Short descriptive text snippets:

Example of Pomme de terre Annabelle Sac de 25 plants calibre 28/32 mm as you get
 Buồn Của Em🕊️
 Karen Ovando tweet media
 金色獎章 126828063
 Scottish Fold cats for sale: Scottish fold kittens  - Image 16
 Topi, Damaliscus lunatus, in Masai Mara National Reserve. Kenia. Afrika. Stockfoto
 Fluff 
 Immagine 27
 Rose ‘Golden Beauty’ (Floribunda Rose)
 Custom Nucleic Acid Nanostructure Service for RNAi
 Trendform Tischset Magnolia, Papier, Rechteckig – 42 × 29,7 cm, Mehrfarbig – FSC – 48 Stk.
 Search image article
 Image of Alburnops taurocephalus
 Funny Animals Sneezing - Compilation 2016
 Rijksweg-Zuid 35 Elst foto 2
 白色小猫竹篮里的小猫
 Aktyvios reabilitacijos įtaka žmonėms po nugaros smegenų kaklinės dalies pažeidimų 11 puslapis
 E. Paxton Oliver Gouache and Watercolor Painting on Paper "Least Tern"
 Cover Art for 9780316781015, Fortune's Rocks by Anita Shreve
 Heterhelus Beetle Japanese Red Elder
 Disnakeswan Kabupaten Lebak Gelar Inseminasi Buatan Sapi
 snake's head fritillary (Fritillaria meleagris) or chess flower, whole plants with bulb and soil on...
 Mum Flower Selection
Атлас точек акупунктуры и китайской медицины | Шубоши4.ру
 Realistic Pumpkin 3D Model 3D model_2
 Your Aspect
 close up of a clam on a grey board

▸ TASK PROMPT
The line containing "Disnakeswan Kabupaten Lebak" marks the start; retype it and each line after it through the end of the records above, exactly.

▸ TASK OUTPUT
 Disnakeswan Kabupaten Lebak Gelar Inseminasi Buatan Sapi
 snake's head fritillary (Fritillaria meleagris) or chess flower, whole plants with bulb and soil on...
 Mum Flower Selection
Атлас точек акупунктуры и китайской медицины | Шубоши4.ру
 Realistic Pumpkin 3D Model 3D model_2
 Your Aspect
 close up of a clam on a grey board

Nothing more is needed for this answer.